Could you repeat the listing exactly, leaving out the pictures?

*** Opening Dataset section ***

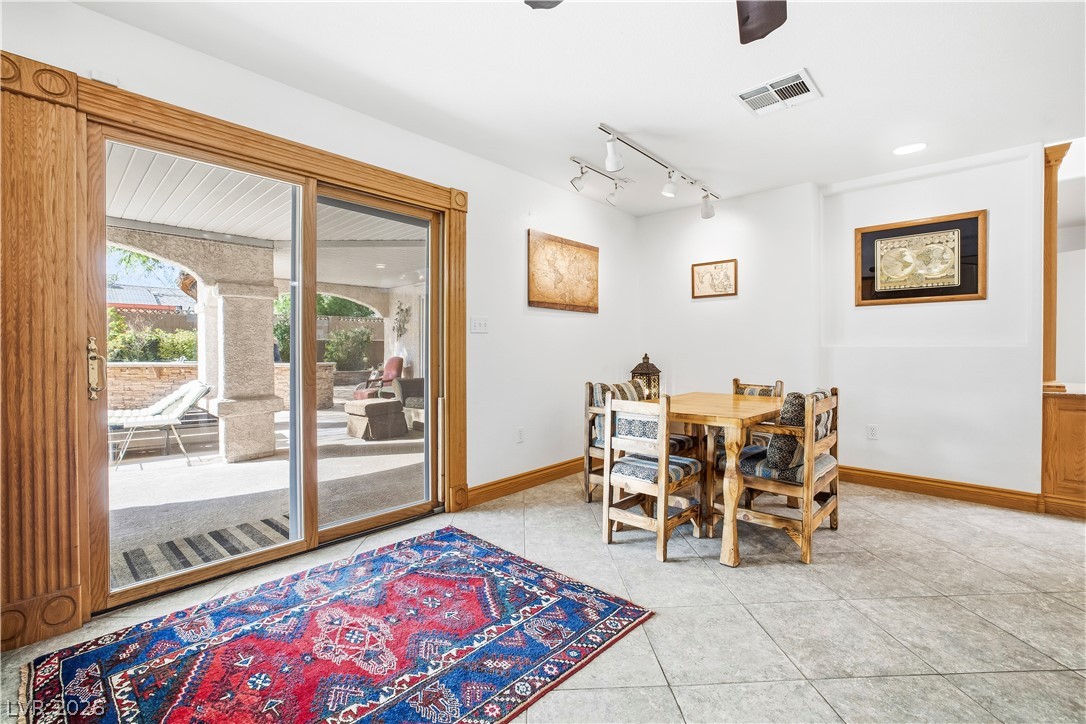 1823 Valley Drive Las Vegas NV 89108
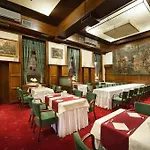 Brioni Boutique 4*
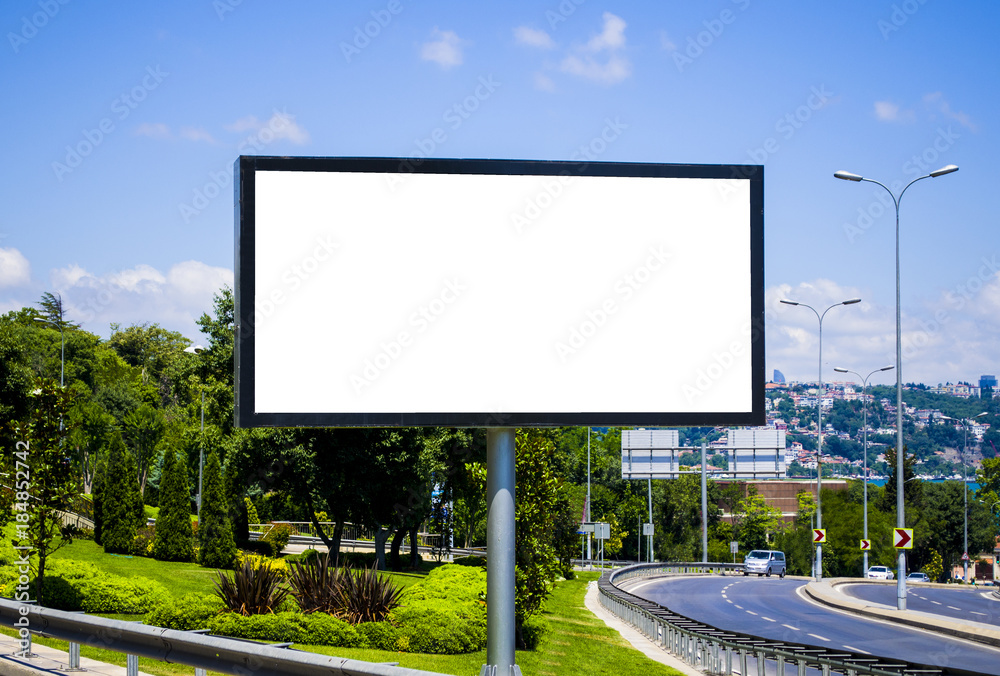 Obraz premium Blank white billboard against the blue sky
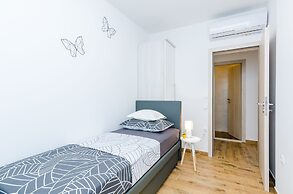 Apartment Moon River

*** Closing Dataset section ***

Reply to the exercise
 1823 Valley Drive Las Vegas NV 89108
 Brioni Boutique 4*
 Obraz premium Blank white billboard against the blue sky
 Apartment Moon River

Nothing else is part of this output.